(Data provided):
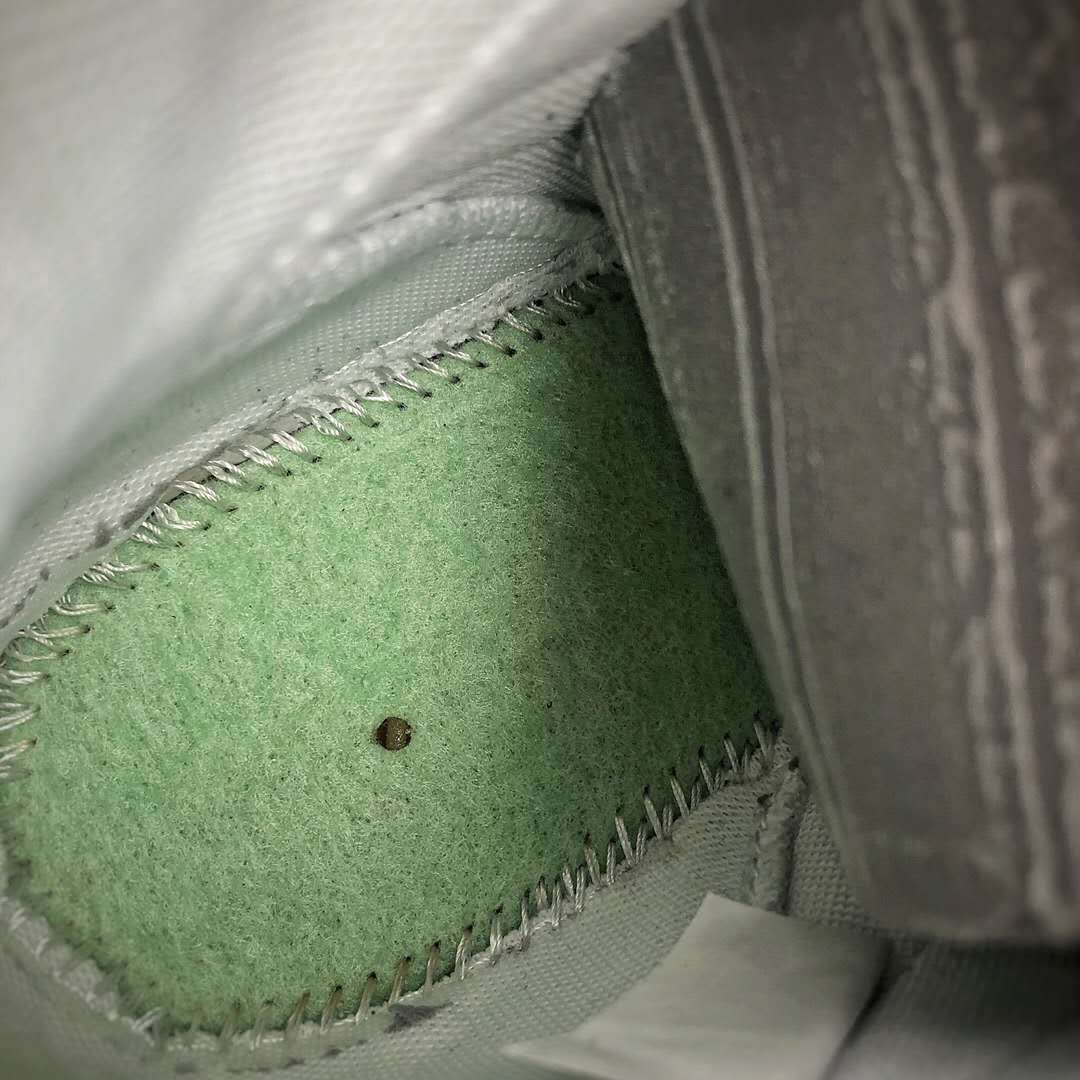 Nike sacai x Blazer Mid 'Black Blue' BV0072-001 - Stylish Sneakers for Unmatched Fashion. Nike sacai x Blazer Mid 'Black Blue' BV0072-001 - Stylish Sneakers for Unmatched Fashion.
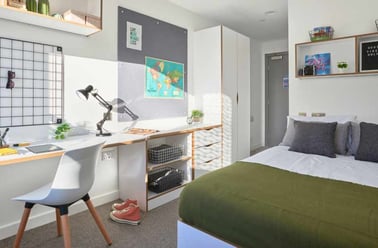 Silver Ensuite, 41 Castle Street, De Montfort University, Leicester - Image 2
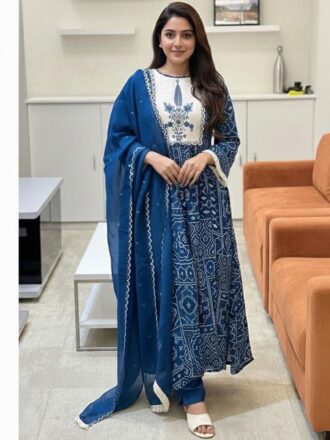 Women Ethnic Motifs Printed Panelled Kurta with Trousers & With Dupatta
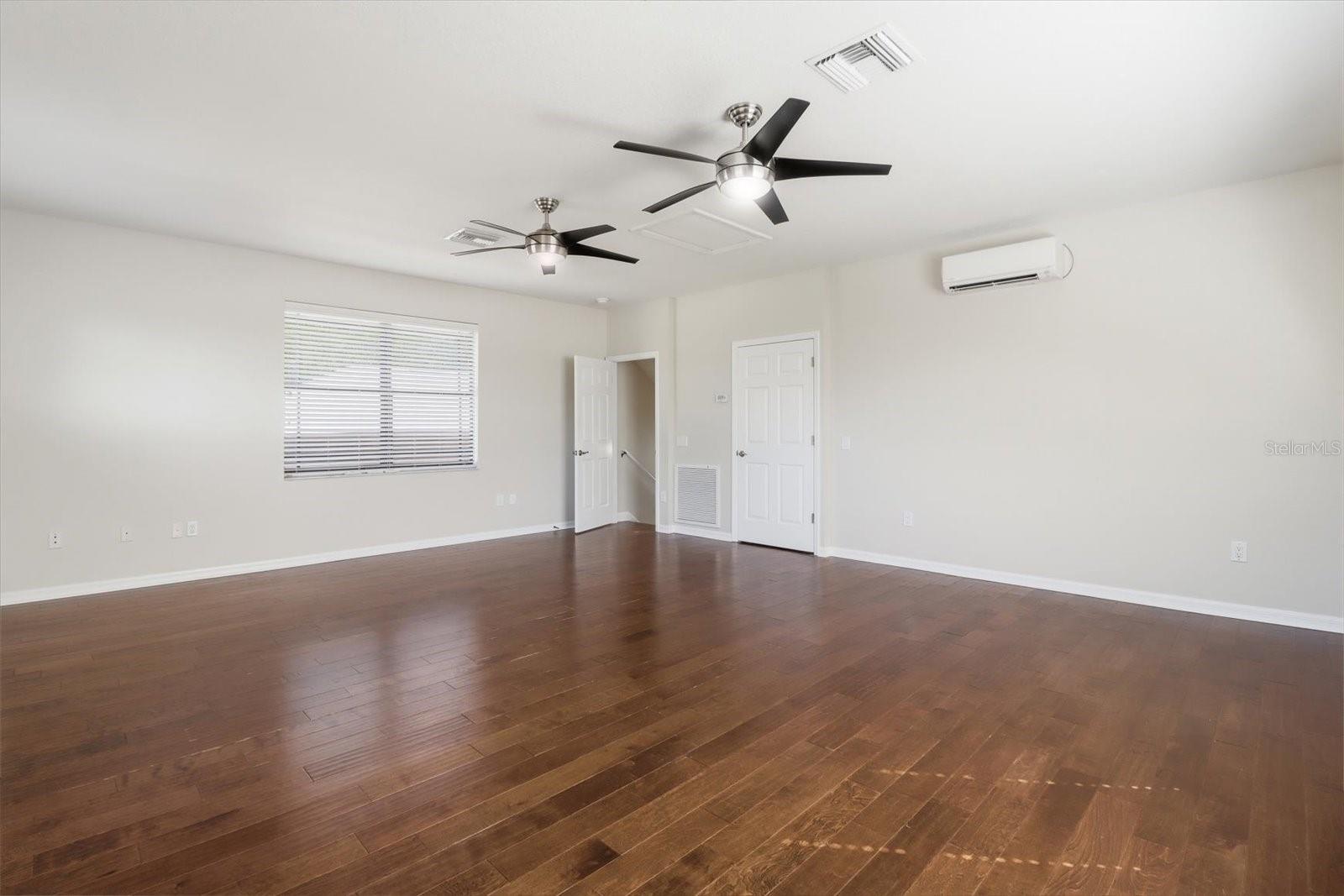 Image 34 of 46 For 5902 Hammock Woods Drive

(Assignment): Pictures stay out. Copy exactly, and only, the lines from the one containing "Women Ethnic Motifs" through the end of the data.

(Answer space):
 Women Ethnic Motifs Printed Panelled Kurta with Trousers & With Dupatta
 Image 34 of 46 For 5902 Hammock Woods Drive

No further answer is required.